Captioned web images
• • • • • • •

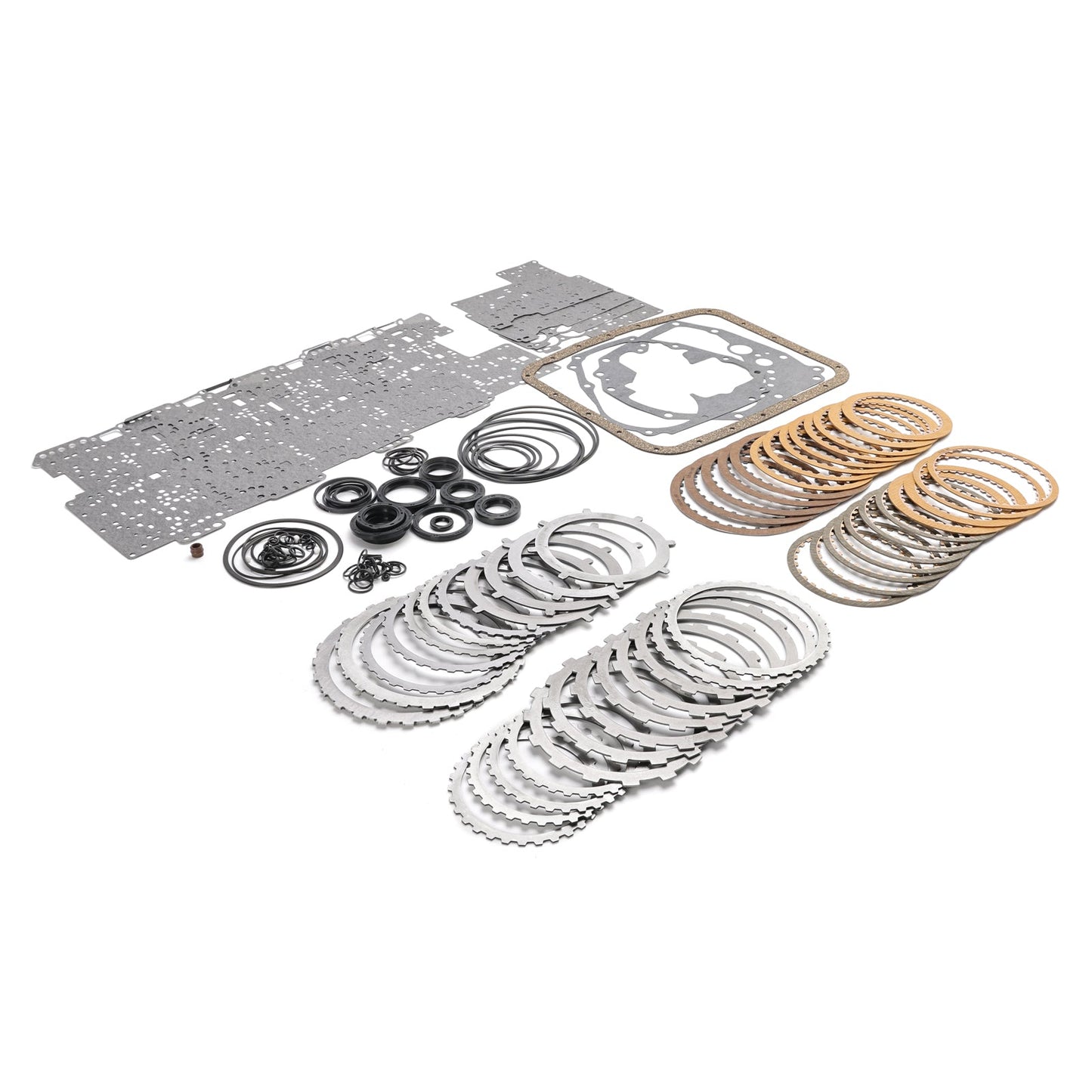 2009-2011 DIAS AWD L3.7L 4EAT Transmission Master Rebuild Kit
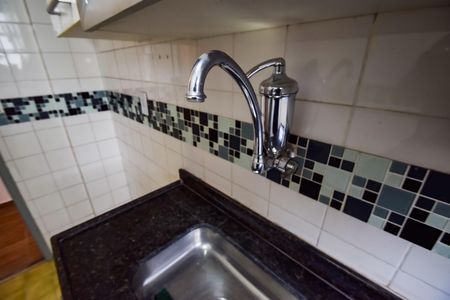 Apartamento à venda com 55m², 2 quartos e 1 vaga Apartamento à venda com 55m², 2 quartos e 1 vagaCozinha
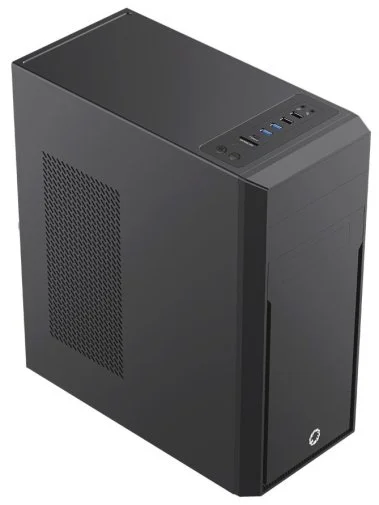 Фото: Корпус Gamemax ET-213-NP 2U3-TYC-CR Black № 12 | KTC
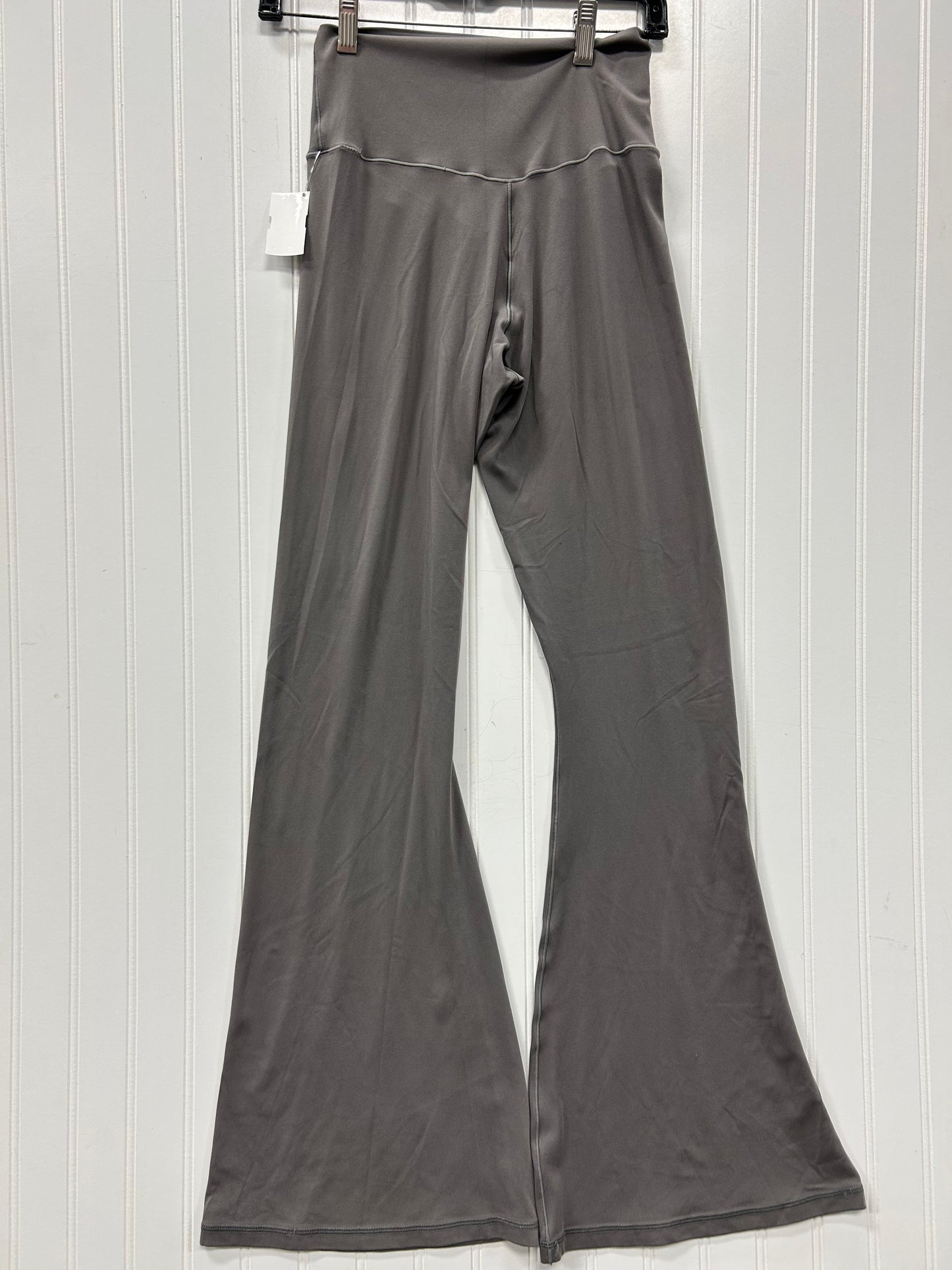Athletic Leggings By Offline In Grey, Size:L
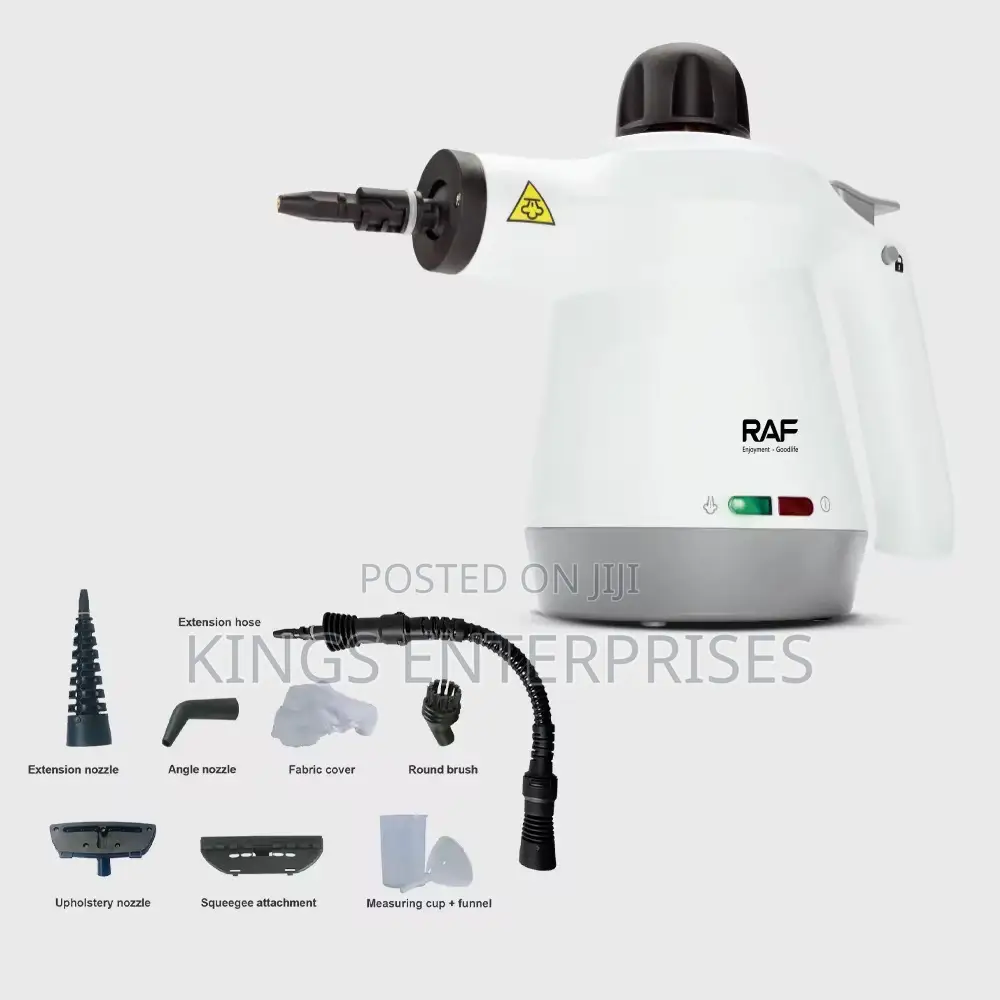Portable Handheld High Pressure Steam Cleaner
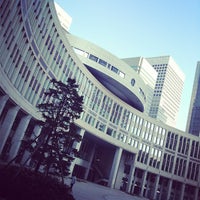 都民広場 西新宿の広場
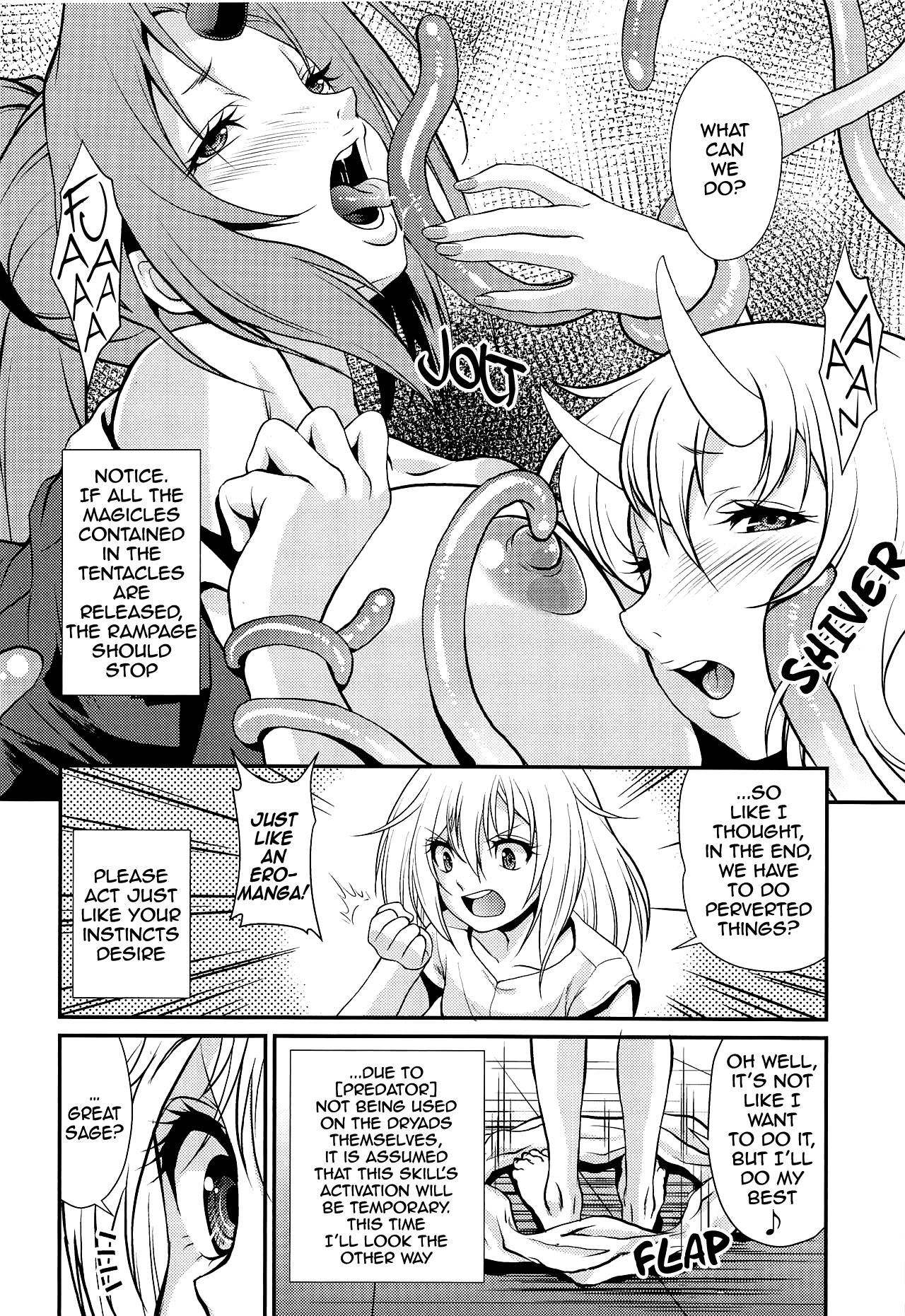 Tensei Shitara Chinko ga Nakatta Ken | That Time I Got Reincarnated Without  a Dick ~ No Penis, No Rule ~ - Page 7 - HentaiFox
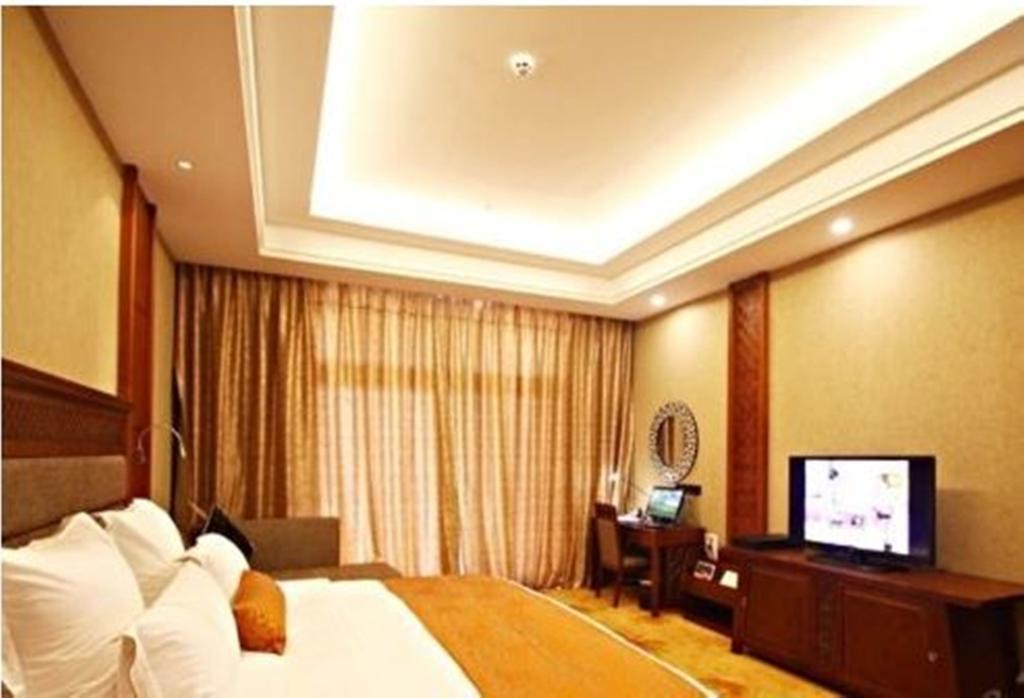 Ramada Plaza Xishuangbanna Hotel Екстериор снимка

• • • • • • •

### Task brief
Exactly the lines from the one with "Portable Handheld High Pressure Steam Cleaner" through the end of the records should be written out, and only those. Pictures do not belong in the copy.

### Solution
Portable Handheld High Pressure Steam Cleaner
 都民広場 西新宿の広場
 Tensei Shitara Chinko ga Nakatta Ken | That Time I Got Reincarnated Without  a Dick ~ No Penis, No Rule ~ - Page 7 - HentaiFox
 Ramada Plaza Xishuangbanna Hotel Екстериор снимка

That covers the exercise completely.